Hello,
I am confused about the design choice in transformers/examples/flax/text-classification/run_flax_glue.py at 5757923888246ea16b324f53c60ea444574005ed · huggingface/transformers · GitHub, copied below:
# define step functions
def train_step(
state: train_state.TrainState, batch: Dict[str, Array], dropout_rng: PRNGKey
) -> Tuple[train_state.TrainState, float]:
"""Trains model with an optimizer (both in `state`) on `batch`, returning a pair `(new_state, loss)`."""
dropout_rng, new_dropout_rng = jax.random.split(dropout_rng)
targets = batch.pop("labels")
def loss_fn(params):
logits = state.apply_fn(**batch, params=params, dropout_rng=dropout_rng, train=True)[0]

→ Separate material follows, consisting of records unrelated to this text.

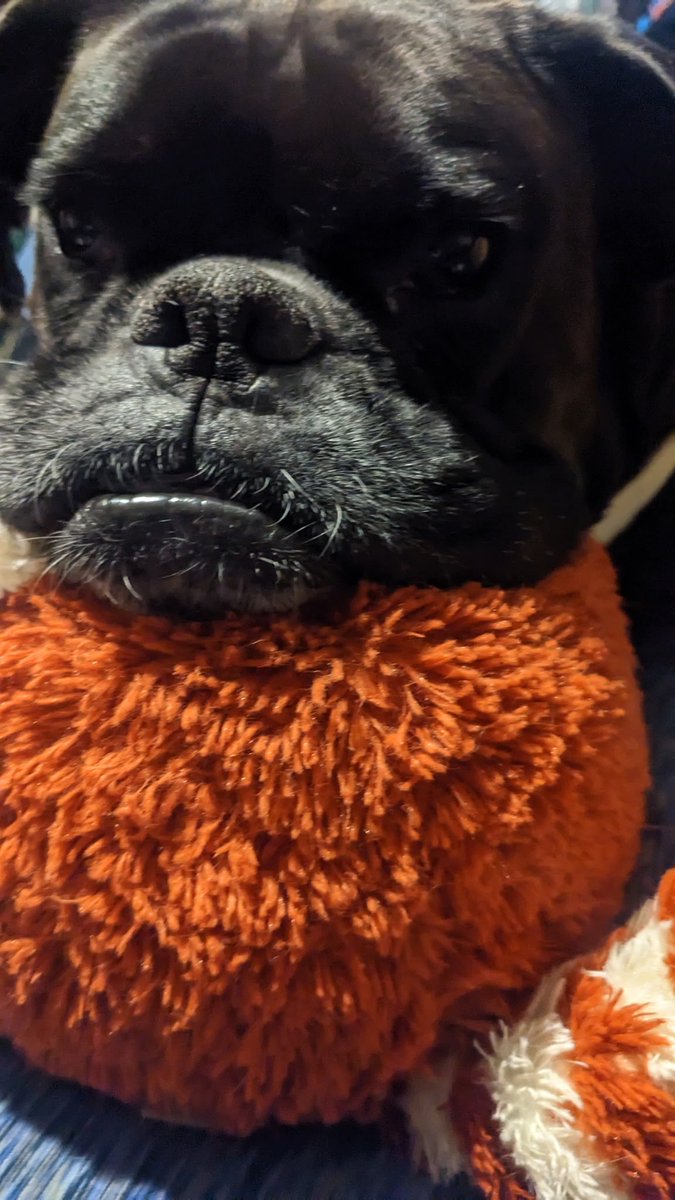 InkWolfJS's tweet photo. Two weeks without you already. it still hurts beyond words. Still breaking down every day, still almost expecting you to come back. I'll always love you, sweet girl 🖤🤍 I'll never forget you 💫 https://t.co/fKgdsUckI8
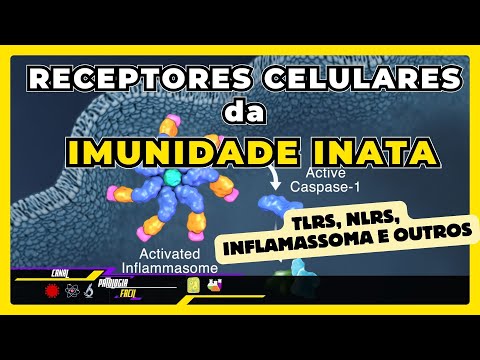 Innate Immunity - Innate Immunity Receptors (TOLL-type, NOD-type and +) [ Basic Immunology 2025 ]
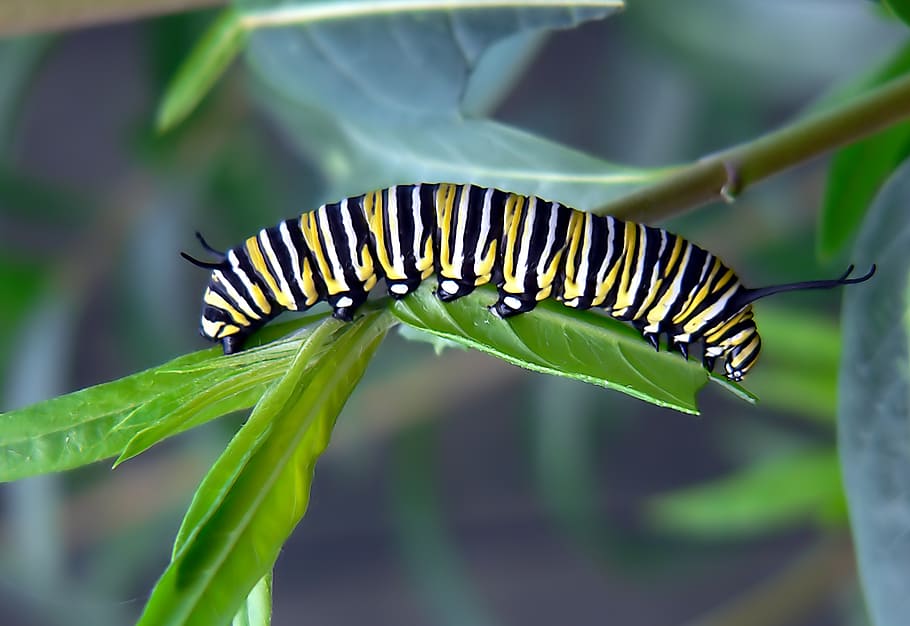 Caterpillar, green and black caterpillar, animal wildlife, invertebrate, green color, insect, animals in the wild, close-up, one animal, animal themes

loss = state.loss_fn(logits, targets)
return loss
grad_fn = jax.value_and_grad(loss_fn)
loss, grad = grad_fn(state.params)
grad = jax.lax.pmean(grad, "batch")
new_state = state.apply_gradients(grads=grad)
metrics = jax.lax.pmean({"loss": loss, "learning_rate": learning_rate_fn(state.step)}, axis_name="batch")
return new_state, metrics, new_dropout_rng
regarding loss_fn
using the targets
variable from the external context of train_step
directly, while getting params
as an explicit argument. Is there a specific optimization/JAX requirement/recommendation towards not using also targets
as an explicit parameter, or is it an unrelated design decision, or maybe something Im not seeing?
(I guess one reason may be that we are not interested in the gradients wrt. targets
, so we do not want jax.value_and_grad
function to calculate those. But jax.value_and_grad
also seems to have an argument to specify which gradients we are interested in. So technically this does not seem necessary to handle it this way, but maybe it is somewhat clearer design?)
Thank you very much in advance!
Hande